On Sept. 11, Michigan representatives proposed an internet content ban bill unlike any of the others we’ve seen: This particularly far-reaching legislation would ban not only many types of online content, but also the ability to legally use any VPN.
The bill, called the Anticorruption of Public Morals Act and advanced by six Republican representatives, would ban a wide variety of adult content online, ranging from ASMR and adult manga to AI content and any depiction of transgender people. It also seeks to ban all use of VPNs, foreign or US-produced.
Main issue I have with this article, and a lot of articles on this topic, is it doesn’t address the issue of youth access to porn. I think any semi-intelligent person knows this is a parenting issue, but unfortunately that cat’s out of the bag, thanks to the right. “Proliferation of porn” is the '90s crime scare (that never really died) all over again. If a politician or industry expert is speaking against bills like this, their talking points have to include:
- Privacy-respecting alternatives that promise parents that their precious babies won’t be able to access that horrible dangerous porn! (I don’t argue that porn can’t be dangerous, but this is yet another disingenuous right-wing culture (holy) war)

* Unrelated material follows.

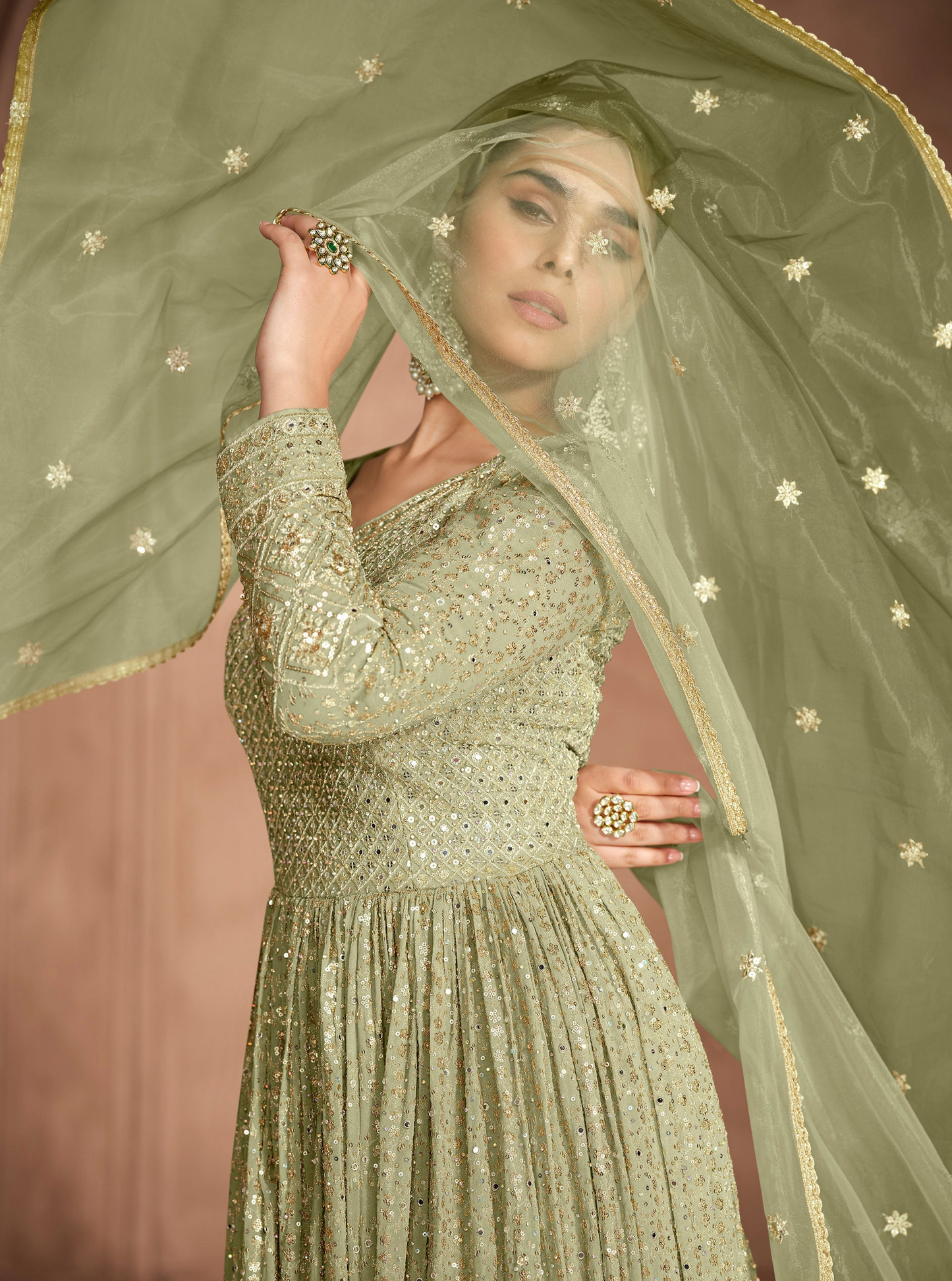 Olive Green Embroidered Gorgettle Anarkali Gown Suits For Western Women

- Addressing that vagueness in the bill sets up the government as morality police (it’s right there in the title of the bill, FFS), and NOBODY in a “free” country should ever want that.

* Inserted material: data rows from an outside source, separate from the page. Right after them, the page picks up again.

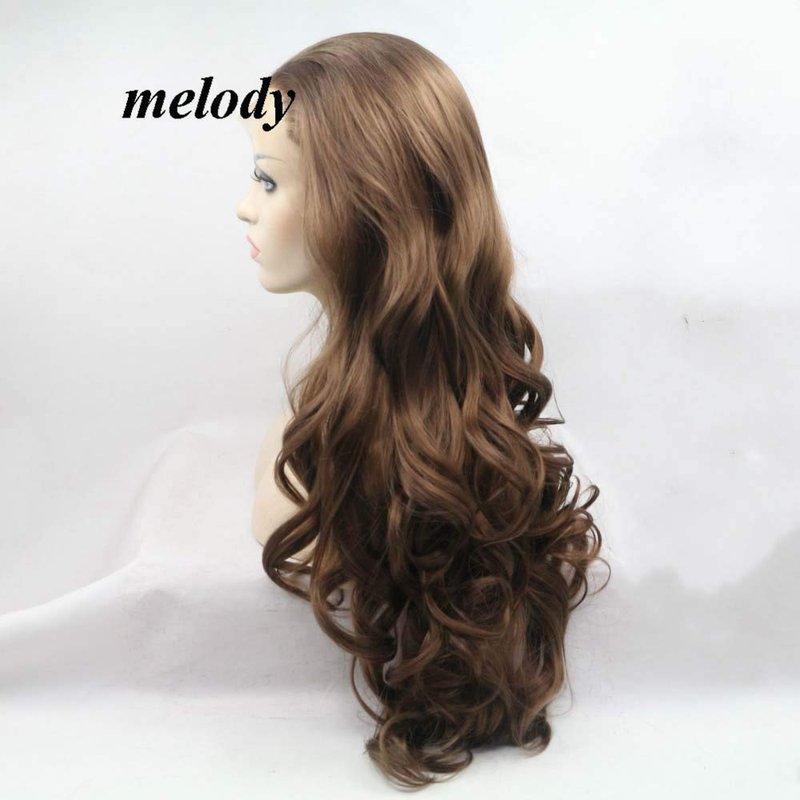 Melody Brown Wigs Long Wavy Wigs Synthetic Brown Lace Front Wigs Heat Resistant Fiber Hair Wig Natural Hairline Wig 6#Color Brown Color 24"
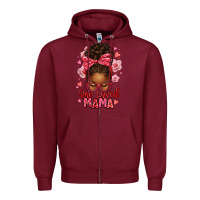 Burgundy one loved mama afro messy bun Zipper Hoodie - texasbilliewilder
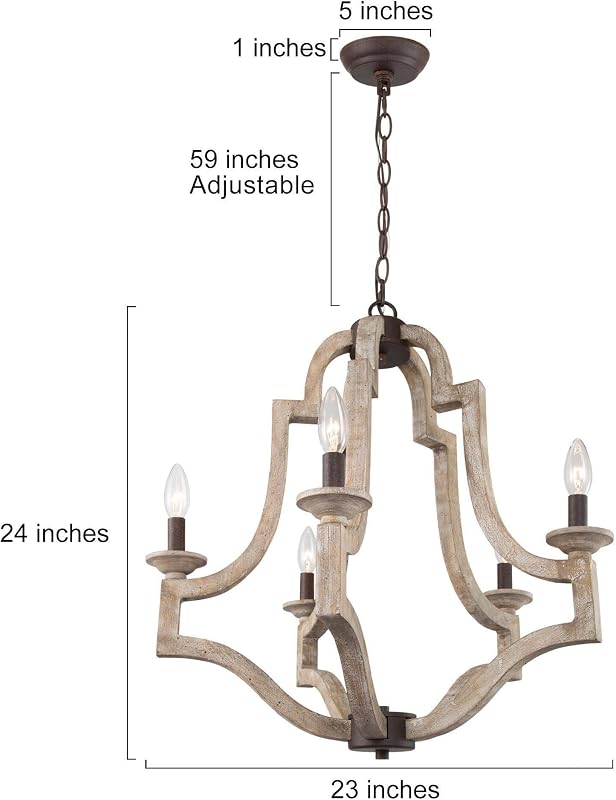 Candelabro rústico de madera 5 luces para comedor y sala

- Stop saying it can be bypassed with technology. The VPN ban in this bill is a reaction to talking points like that.
- Recognize and call out that this has nothing to do with protecting children and everything to do with a religious minority imposing its will on the rest of the country (plenty of recent examples to pull from here).

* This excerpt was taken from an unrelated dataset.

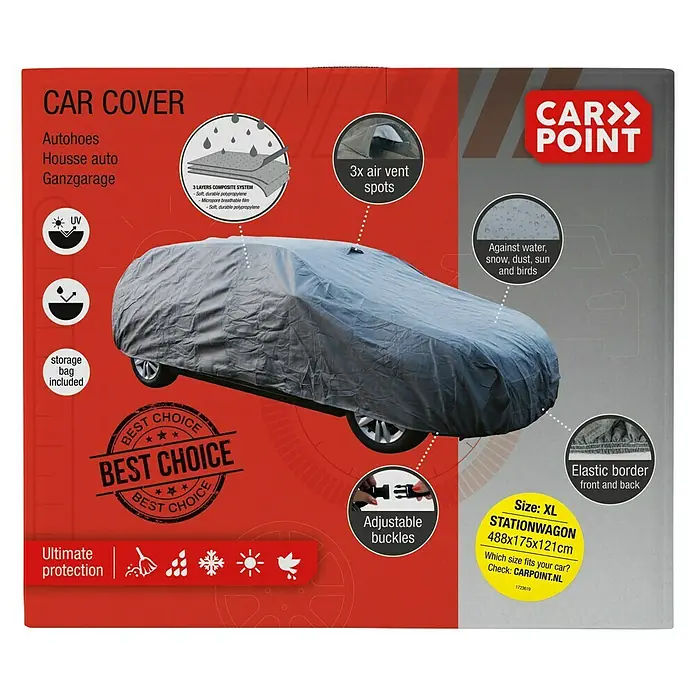 Carpoint Autohoes Soft Shell MPV-M - 468 x 188 x 145 cm - Vooraanzicht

Unfortunately this is becoming enough of “A Thing” that the left is going to have to, once again, be seen doing “something” about it. So they have to thread a needle of “protecting kids,” while respecting the privacy of their parents who want their kids protected and want to look at porn, and protecting businesses that require secure communications.
They are testing the waters. Just because THIS bill won’t pass it doesn’t mean dismiss it. They really, really, really want to take away privacy as a concept, they want to get ALL up in your private life and they would love to make special camps to send you to if you don’t conform to the picture they want for America.
After this we will see more and more vague and abstract attempts at carving away smaller slices of privacy. Regulations on SOME vpn’s, the closing of a few major open-source software systems like any website hosting downloads of things like TOR (“it’s a terrorist tool! Antifa coordinates with it!”) and the like. Then attempts at defining what a VPN is, defining what “porn” is, and such moves to prepare for more sweeping legislation that will sound more appealing to congresses, both state and federal.